Imbuida como estaba ella de la cultura tailandesa, de la que el hombre la
consideraba una experta, había proporcionado dos o tres experiencias insólitas
e inimaginables a su vida sexual, llenas de una mezcla de contundencia andina y
sofisticado hacer oriental, él que hasta entonces había practicado
penetraciones de una manera funcional y siempre le había quedado una sensación
poscoital amarga, de rechazo a la hembra, quizás intuyendo que esas relaciones
no le procuraban más que una excitación
de los centros bioquímicos de producción hormonal, de la conexión del neocórtex
con los vasos sanguíneos que irrigan el cuerpo cavernoso del pene, de la
reacción de los centros de producción de endorfinas y de oxitocina. Cuando
miraba las caderas de la mujer ecuatoriana sospechaba que estaba fuertemente
constituida, apta para continuar la especie y parir con solvencia, pero, tras
esta vaga reflexión, no apreciaba en su ánimo ninguna inclinación hacia la
procreación, nada de esto le susurraban los sonidos amorosos de la ecuatoriana.
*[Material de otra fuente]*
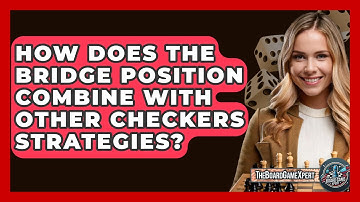 How Does The Bridge Position Combine With Other Checkers Strategies? - The Board Game Xpert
Con ella todo era distinto, hasta más allá del final cuando satisfecho y
vaciado se apoyaba sobre el respaldo de la cama y contemplaba a la mujer que en
posición contraída, sentada en la cama, se agarraba con las manos las rodillas,
separaba los muslos y haciendo contracciones vaginales expulsaba el semen
recibido, propulsado desde su interior varios metros de distancia, llovido el
esperma sobre el desorden de las sábanas, alcanzando incluso el suelo
alfombrado de la estancia, eficaz pirotecnia anticonceptiva. El hombre ya había
conocido la servidumbre afectiva que conlleva el lazo matrimonial, también el
desapego emocional que le proporcionaban las putas. La ecuatoriana se
encontraba a medio camino de esos dos extremos. Ella lo recibía con afecto sin
compromiso, incluso si el afecto era fingido a él le servía, ¿alguien es capaz
de apreciar la diferencia?, se preguntaba, y luego, al acabar, él le dejaba un
billete de cincuenta euros plegado por la mitad. Ella puso reparos la primera
vez, pero al momento se dio cuenta de que el gesto mercantil dejaba las cosas
en la situación más conveniente y adulta para los dos. El agente los dejaba
follar a cambio de ser filmados por varias cámaras estratégicamente dispuestas
por la habitación, material con el que luego comerciaba. El agente había
convertido una fuente de placer, la fuerza orgásmica, en fuerza de trabajo, en
capital. Tanto el cuerpo femenino como el masculino se sabían filmados,
conscientes de pertenecer a una biosfera de producción sexual, y aunque solo
fuera momentáneamente se sentían cuerpos reales, con un destino de placer más
allá de esas cuatro paredes, cuerpos no
excluidos del actual régimen tecnobiológico.
La rubia
platino guió, innecesariamente, al hombre empalmado hasta el agente que se
encontraba al borde de la piscina interior, climatizada, se había pasado con el
control de temperatura ya que la superficie del agua estaba cubierta por un
manto tenue de vapor, repantigado en un butacón leyendo la prensa de la mañana,
sudoroso y excesivamente relajado, condicionado su cuerpo y por tanto su ánimo
por la elevada densidad del aire del recinto. “¿Cómo ha ido la cosa?”, preguntó
sin mirar al hombre que se le había acercado haciendo sonar una vez el
contenido de la bolsa. “Bien, ha ido bien. Aquí está la mercancía”, dijo,
recordando a la ecuatoriana, la comisura de los labios reseca, rajando para sí
su ausencia. En definitiva, amargueó, todas putas.